Now, the State Controller, John Chiang, has chimed in by issuing a report to the effect that “City redevelopment agencies improperly shortchanged schools by more that $40 million last year while allocating millions of dollars in public money for such things as a luxury golf course and a lobbyist,. . . ” Jessica Garrison, Controller Reports Redevelopment Agency Failings, March 8, 2011. Surprize, surprize! 

Apart from disclosing that 18 cities had been using their redevelopment funds for “questionable” expenditures, “The city of San Jose charged one-fourth of the salaries of the mayor, 12 council members and 40 council staff members to the redevelopment agency. When Chiang’s office asked why, it could not get an explanation, the report said.”

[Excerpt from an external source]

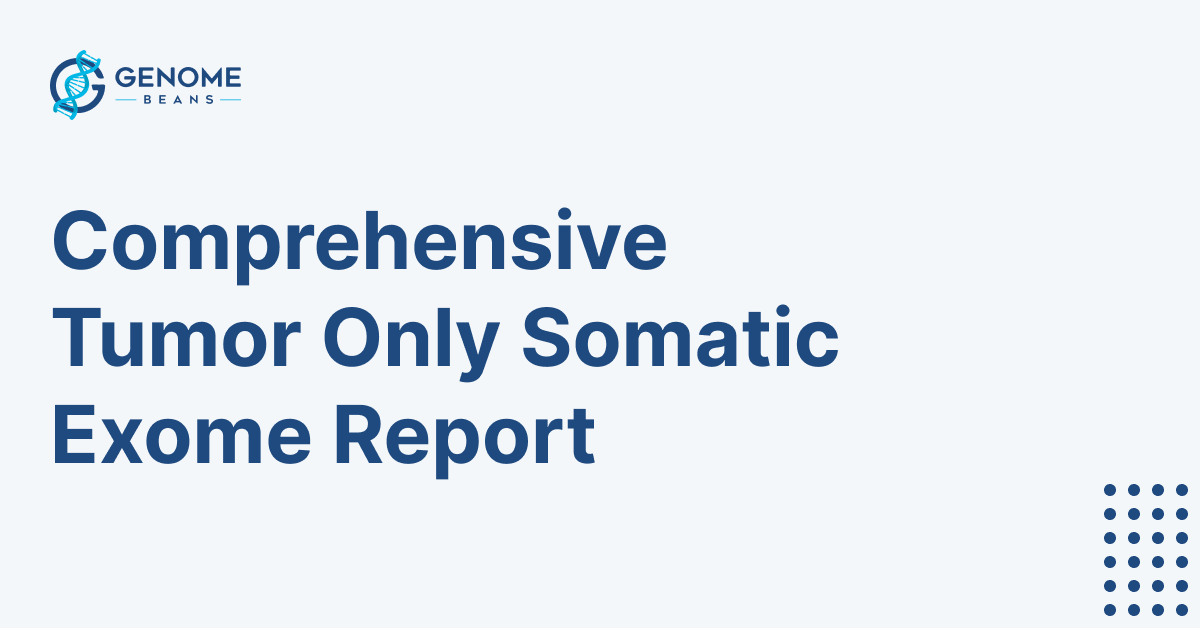 Comprehensive Tumor Only Somatic Exome Report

But since this blog is primarily about eminent domain we have saved the best for last: The L.A. Times reports that Chiang’s office found that “cities can call virtually any area ‘blighted’ and turn it into a redevelopment area. The reports notes that Coronado, in San Diego County, includes all privately owned property in its ‘blighted’ area — including miltimillion-dollar ocean-front homes. In Palm Desert, officials allocated $16.7 million to clean up ‘blight’ at a luxury public golf course that has been listed as a ‘Best Place to Play’ by Golf Digest magazine.” Surprize, surprize!

What we find amazing is that the Times reports all this as an expose, with an air of astonishment, as if it never heard of such stuff even though it has been going on right under its nose for decades.